Back of the Book
G. de Purucker was born in 1874, in Suffern, New York, and educated in Geneva, Switzerland (where his father was for some years chaplain of the American Church), specializing in Greek, Latin, Hebrew, and later, Sanskrit. In 1903 he moved to California to take up residence at the international headquarters of the Theosophical Society (Point Loma), and on the death of Katherine Tingley in 1929 became Leader of that Society.
Marked by that rare combination in a scholar of profound knowledge and dedication to truth with compassionate feeling for humanity, his expositions of the Esoteric philosophy carry that universal message so needed today and so appealing to awakened hearts and minds.
We have entered on the dim beginning of a new era already. It is the era of Western Occultism and of special and definite treatment and exposition of theories hitherto generally considered. We have to do as Buddha told his disciples: preach, promulgate, expound, illustrate, and make clear in detail all the great things we have learned, that is our work, and not the bringing out of surprising things about clairvoyance and other astral matters, nor the blinding of the eye of science by discoveries impossible for them but easy for the occulist. The Master’s plan has not altered. He gave it out long ago. It is to make the world at large better, to prepare a right soil for the growing out of the powers of the soul.
This is a century of turmoil. Civilization, so-called discoveries in science and medicine, techniques for comfortable living, have not brought an end to almost universal towards purpose, without real meaning or uplift. Protest against all this explosively apparent and growing, but the protestors offer no constructive program to replace what they would destroy.
Wind of the spirit, first published in 1944, and relevant then because of the flames of hate and war and general disruption wracking our globe, is today even more germane to the world situation: for men are at long last wearying of palliatives which fall short of promised intentions; they are groping for ideas that ring with the sober sound of basic truth and are of practical applications. Perhaps this is a time when they will listen attentively to All is an expression of law, of order. There is purpose in the very fabric and engineering of the universe; there is meaning in the smallest event in the life of every being. We are responsible for what we think and what we do. Escape. And further, we are not animal human beings, but because we are of divine origin we are embryo gods, with an opportunity to see the pathway ahead of us and to tread it knowingly and purposively on the long evolutionary march towards spiritual attainment.
We may apply quote from the Compilers’ preface of the first edition of this volume:
“That which is stirring through the world Dr. de Purucker has called the wind of the Spirit which, following upon Karmic act and consequence, will topple over what is evil and protect what is good and in the in the end bring healing. The grand teachings of Theosophy concerning Man and the Universe, declaring their origin, composition, structure, and destiny, are part of this great onrushing wind forcing us towards a regaining of moral health and spiritual sanity.
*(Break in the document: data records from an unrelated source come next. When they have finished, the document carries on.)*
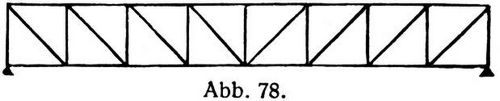 Abb. 78.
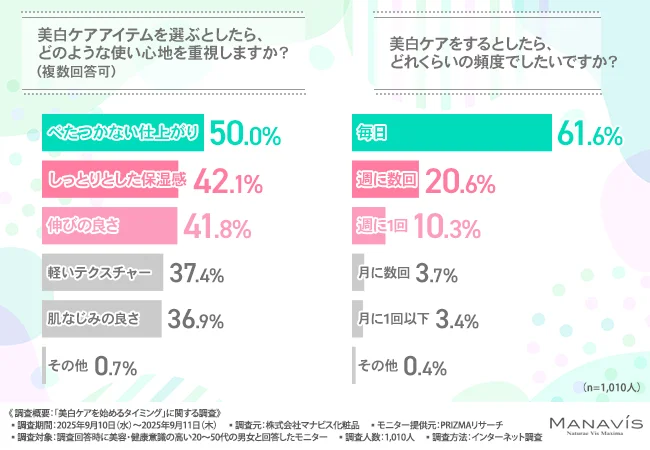美白ケアアイテムを選ぶとしたら、どのような使い心地を重視するか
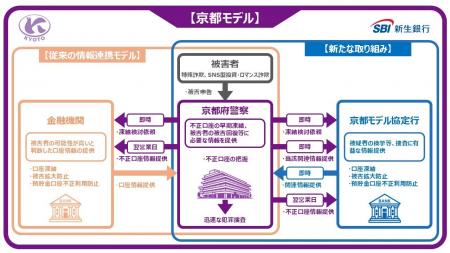特殊詐欺の被害拡大防止等を目的に京都府警察と「京都 特殊詐欺の被害拡大防止等を目的に京都府警察と「京都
And the work of the Theosophical Movement spear-pointing spiritual sanity this effort is today for both individual and nation indeed of fateful moment.
“The phrase, WIND OF THE SPIRIT, carries with it the gravity of an admonition, yet the buoyant song of a new hope. For this reason it is chosen by the Compilers as the title of this volume.” As in the first edition, we should add a word about the extempore nature of the contents of this volume . It should be appreciated by the reader that as his eye sees the words, his ear should hear them. They should be considered not as written but as spoken words. For they were the outpouring, mostly from the public lecture platform, in response to some question needing answer, some problem presented from the audience, some plea from one truth-hungry. They are answers to such appeals and arose from the urgency of the moment.
For historical interest, a Memorandum at the end of this volume lists the talks under the years in which they were given, though in some instance the only date known is that of their publication in The Theosophical Forum.
The eight public addresses included in the original edition are not given here. They are historically of importance as recording the character and substance of material chosen by Dr. de Purucker for public presentation. As such they may well be later incorporated in a volume that gathers others of these together and thus should make an invaluable contribution to theosophical literature.